Red Bull has made no secret they’re keeping an eye on the performance of Honda with Toro Rosso with a view to using their engines next year. If the power units are at least a match for the Renaults they have now, it would give Red Bull the opportunity to work closely with a manufacturer and benefit from the closer working relationship which comes from being a works partner.
If Red Bull and Toro Rosso were to use the same engine partner again it would also open up the opportunity for them to adopt the ‘listed parts’ model favoured by Haas for Toro Rosso. But Key has mixed feeling about whether this is a route the team should go down – and whether it’s a positive for the sport.
“If you put your business hat on, yes it is [positive], because it allows new teams like Haas to come on board and have a competitive car [and] they don’t have to spend a ridiculous amount of money to replicate what everyone else has done.
“With your engineering hat on, no, because it really is a competition between manufacturers as well as drivers.”

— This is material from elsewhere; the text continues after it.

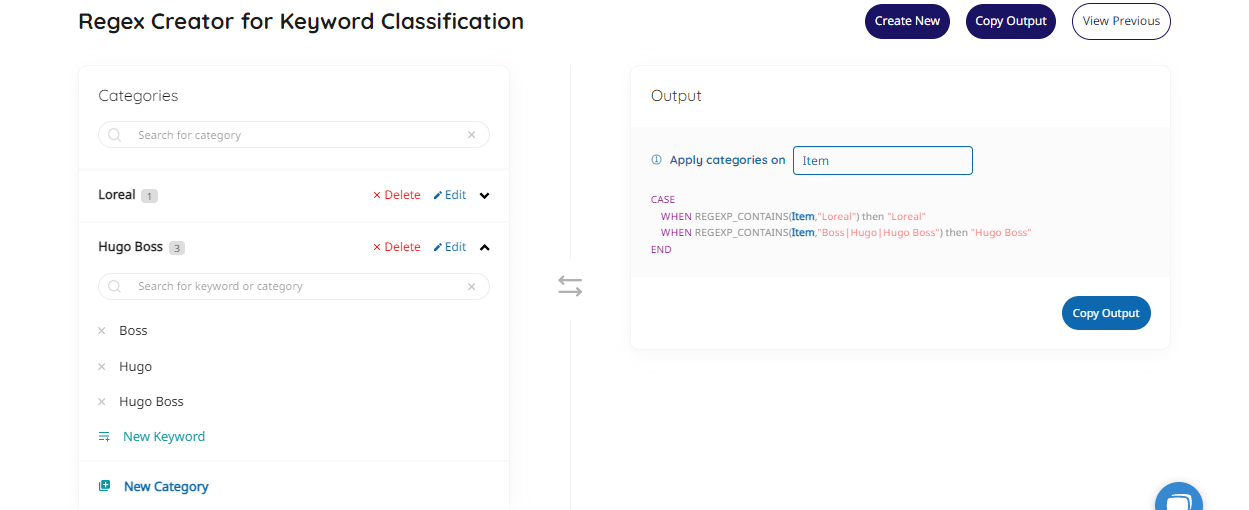 Create regex code for keyword classification on Google Looker Query Builder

If Toro Rosso turned into the Red Bull-Honda equivalent of Haas, perhaps results like that fourth place in Bahrain wouldn’t feel as satisfying. “I think what’s often missed is engineers, particularly in F1, are very competitive people,” says Key.

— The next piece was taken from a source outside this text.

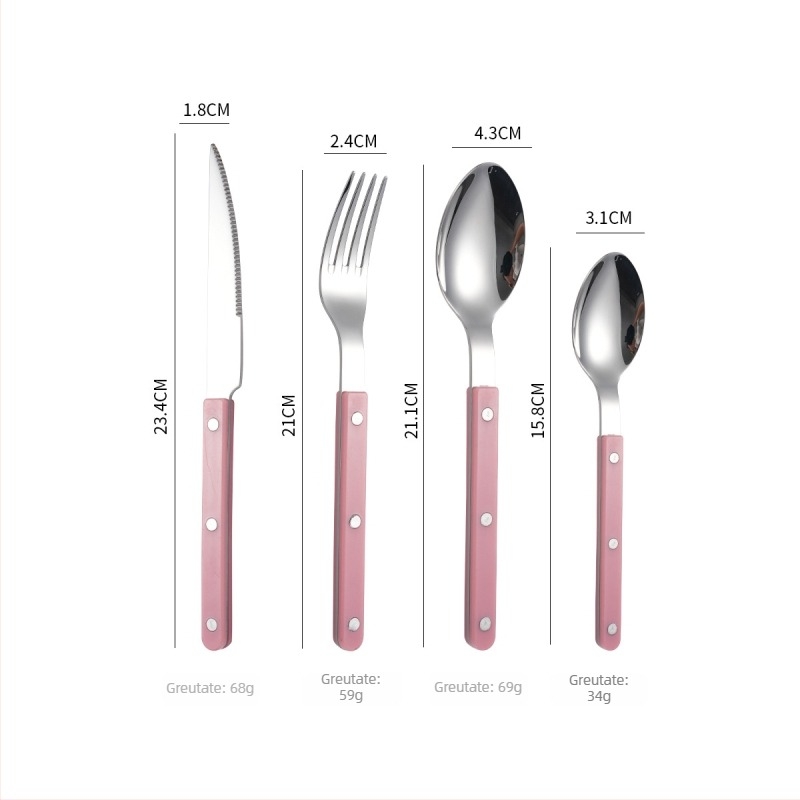 Set tacâmuri din oțel inoxidabil 304: cuțit, furculiță și lingură, mânere rivetate cu clip, stil modern și simplu, finisaj oglindă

“On a personal level I would like to be the best team leader and team player that I can on my terms and go and win championships. But from a company point of view and a business point of view if the listed parts route is more sensible then given that we’re funded by a company and a business who’s extremely generous towards us, you look at it that way.
“It’s a bit like being number one or number two driver, everyone wants to be a number one driver and that’s the same with engineers.”